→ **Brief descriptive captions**
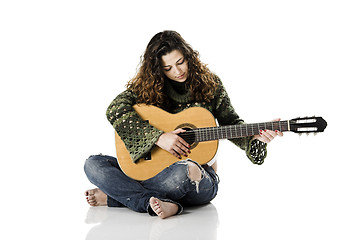 Image showing Playing guitar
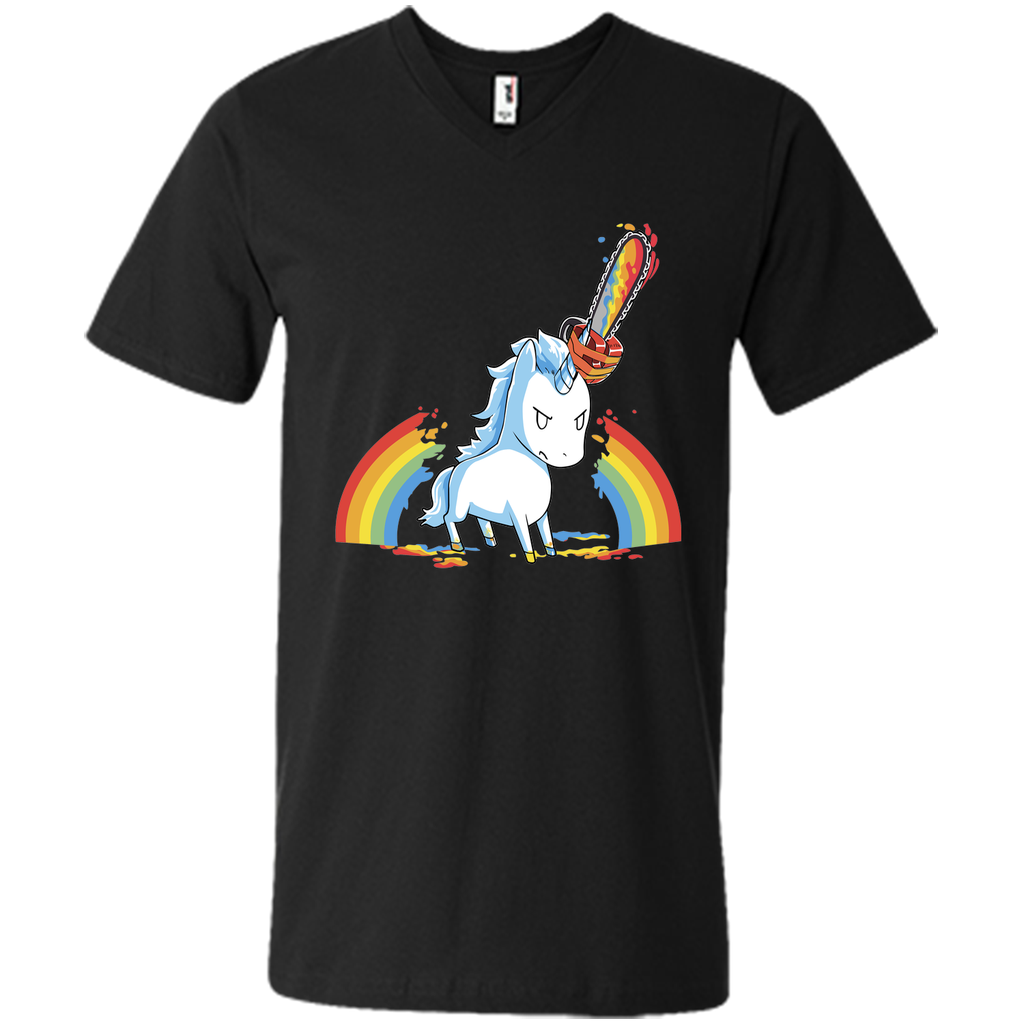 rainbow chainsaw massacre-lovely unicorn t shirt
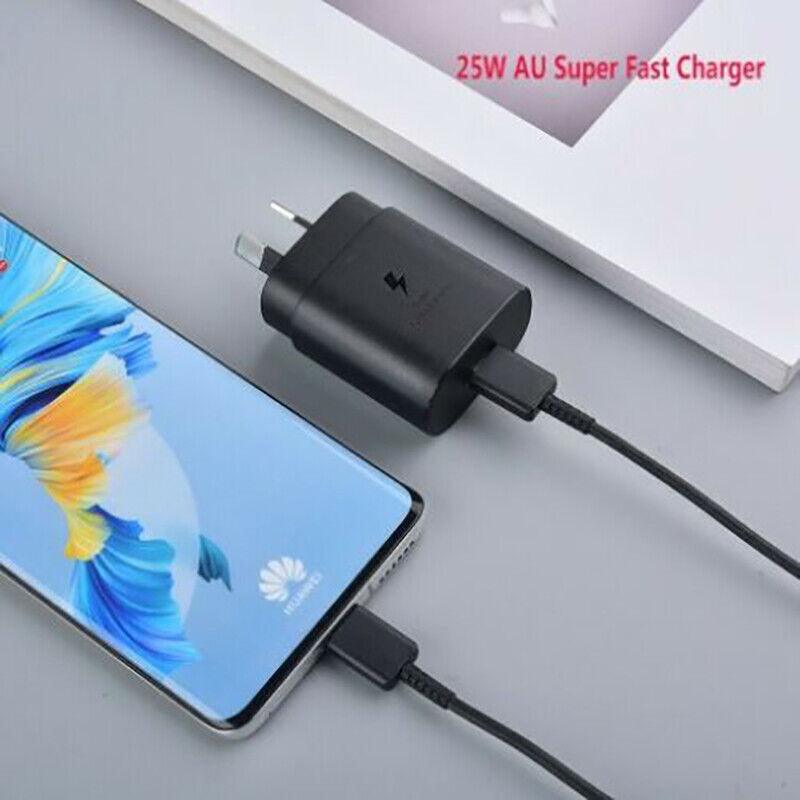 Super Fast Wall Charger For Samsung Galaxy S22 S23 Note 20 Ultra - Charger Only(Black)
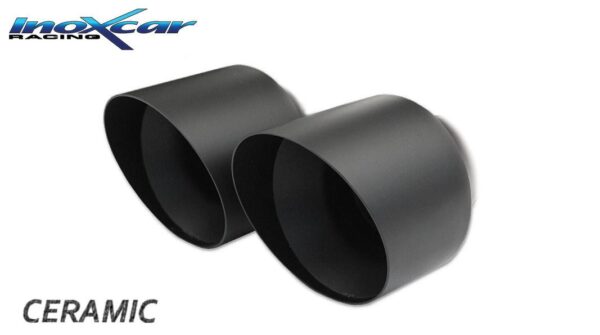 Silencioso trasero con silenciador con salida 2 x 80mm RACING BLACK CERAMIC- Ford Puma 1.0 (Inoxcar)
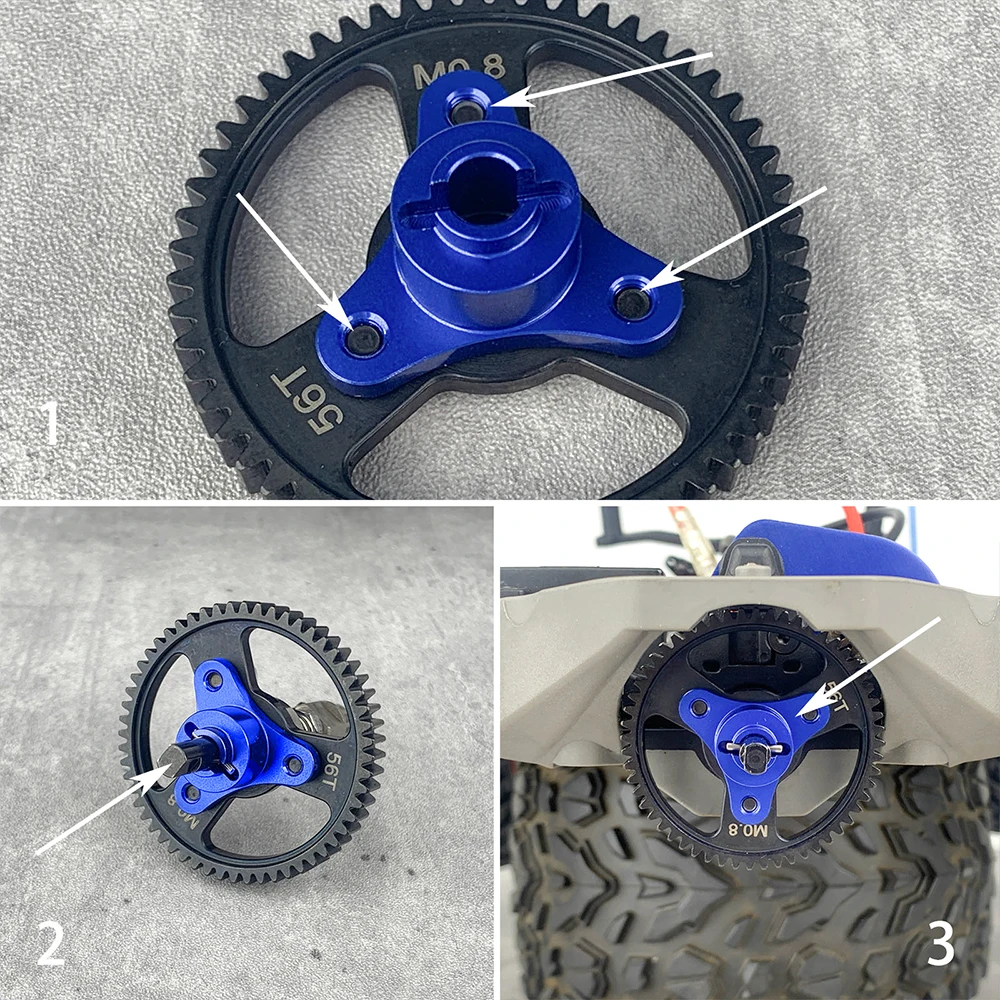 Éliminateur d'embrayage pantoufle en alliage d'aluminium pour Traxxas 1/10 RC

→ **Work to complete**
Your answer must be the lines from the line containing "Super Fast Wall" through the final line of the data, written out exactly, both ends included and pictures left out.

→ **Answer space**
 Super Fast Wall Charger For Samsung Galaxy S22 S23 Note 20 Ultra - Charger Only(Black)
 Silencioso trasero con silenciador con salida 2 x 80mm RACING BLACK CERAMIC- Ford Puma 1.0 (Inoxcar)
 Éliminateur d'embrayage pantoufle en alliage d'aluminium pour Traxxas 1/10 RC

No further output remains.